# Verb sum



## Laranja

Hello all

I'm sorry for asking such a foolish question, but it's something that has been intriguing me and my friends.

Do we use nominative or accusative as a complement to the verb sum?

Which one is written correctly:

_Vulgus laetus est_ or
_Vulgus laetum est_. ?

_Roma patria est_ or
_Roma patriam est_ ?

I tend to think in the accusative as a direct object, and state verbs don't have objects, or at least I think so. Am I wrong in any way?
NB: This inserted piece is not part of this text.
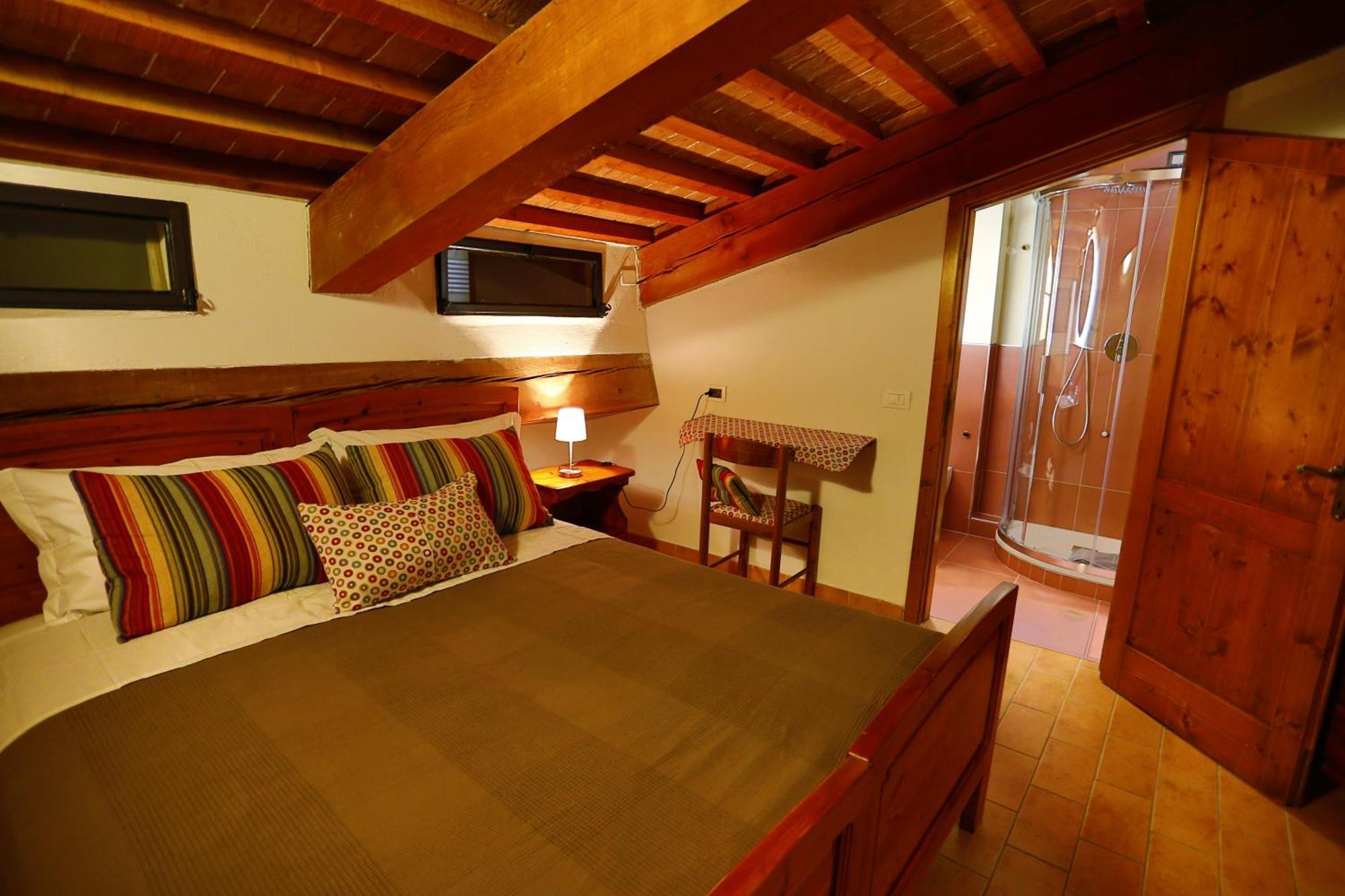 Agriturismo Cascina Cipressa San Romano  ภายนอก รูปภาพ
Does this kind of verb admit the accusative?

Thanks in advance.
Best regards.


----------



## Cagey

You are correct that words like _sum_ (_am_) and _fio _(_become_) take the nominative in Latin.  However, I would not call them 'stative' verbs, I would call them 'linking verbs' or 'copular verbs'.  Other people may have other terms for them.


----------



## Kevin Beach

Even in English the verb "to be" takes the nominative as its second pronoun.
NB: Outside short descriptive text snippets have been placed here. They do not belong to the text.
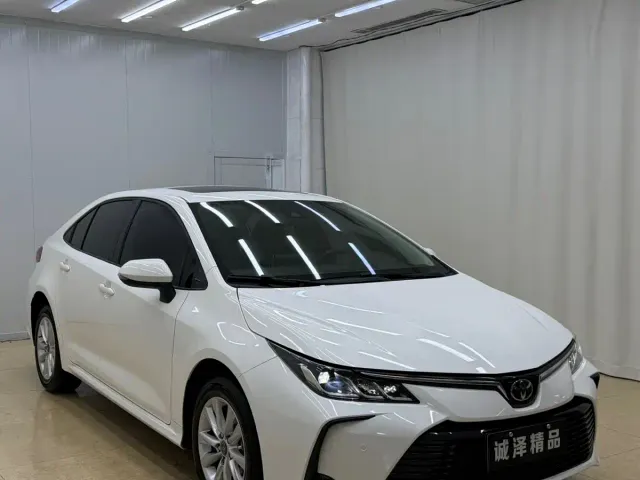 Toyota Corolla — Фото автомобиля 3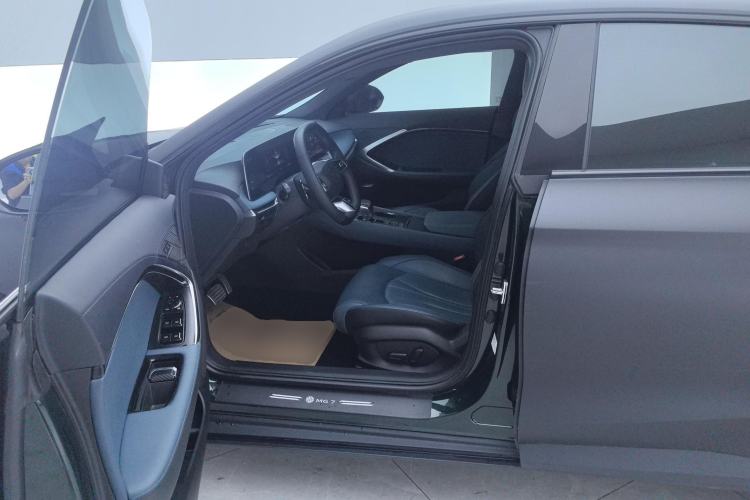 Used MG 7 2023 1.5T DCT Luxurious Supreme Edition
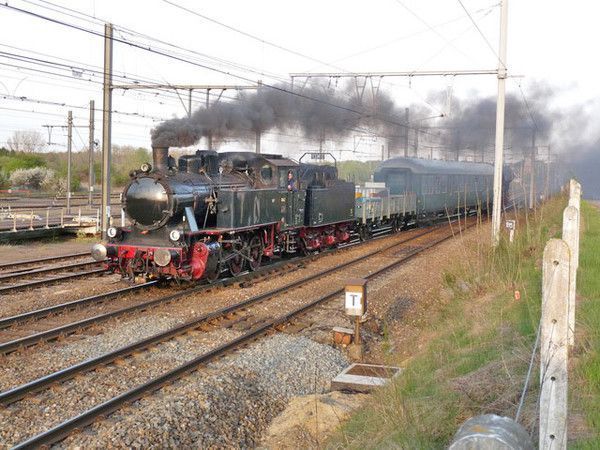 ANCIENNE LOCOMOTIVE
"It is I", not "It is me", colloquial usage notwithstanding.


----------



## belvidere

The predicate may be an adjective, as in your example using "laetus", or a noun that "re-names" the subject it complements.  The nominative case is used as stated above.


----------



## CapnPrep

It is more accurate to say that the nominal/adjectival complement of _esse_ has the same case as its subject. Conjugated forms of the verb have a nominative subject (and thus a nominative complement), but the infinitive _esse_ has an accusative subject and an accusative complement.


----------



## lacrimae

Vulgus laetus  isn't correct because "vulgus" is neuter. The correct form is Vulgus laetum est, but laetum is nominative in this case.


----------



## diamanti

_*Vulgus*_ rarely is masculine. (And _*vulgu, *_abl. sing. _eteroclito_)


----------



## Laranja

lacrimae said:


> Vulgus laetus  isn't correct because "vulgus" is neuter. The correct form is Vulgus laetum est, but laetum is nominative in this case.
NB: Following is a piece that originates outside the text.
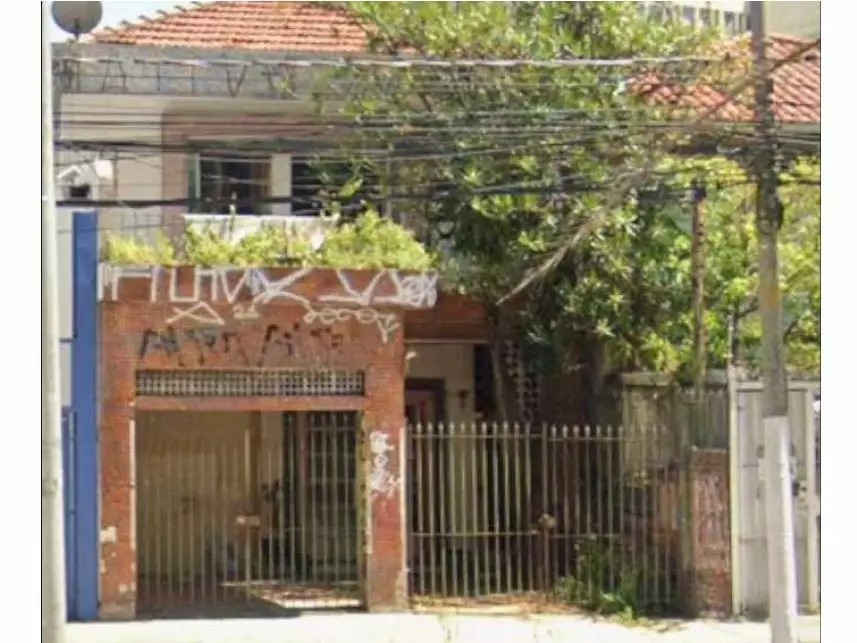 Sobrado à venda em leilão - Barra Funda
I don't understand why "laetum" is nominative. I thought the nominative form of this word would always be "laetus".


----------



## Cagey

The nominative form depends on the gender of the noun being described.  For _laetus_, the nominative forms are:_laetus_ (masculine)
_laeta_ (feminine)
_laetum_ (neuter)​The masculine accusative is _laetum_, too.   That may be the source of your original question, that in _Vulgus laetum est_, _laetum_ appeared to be an accusative.


----------



## Laranja

Now I got it.
Thanks a lot for your help.

Have a good time.


----------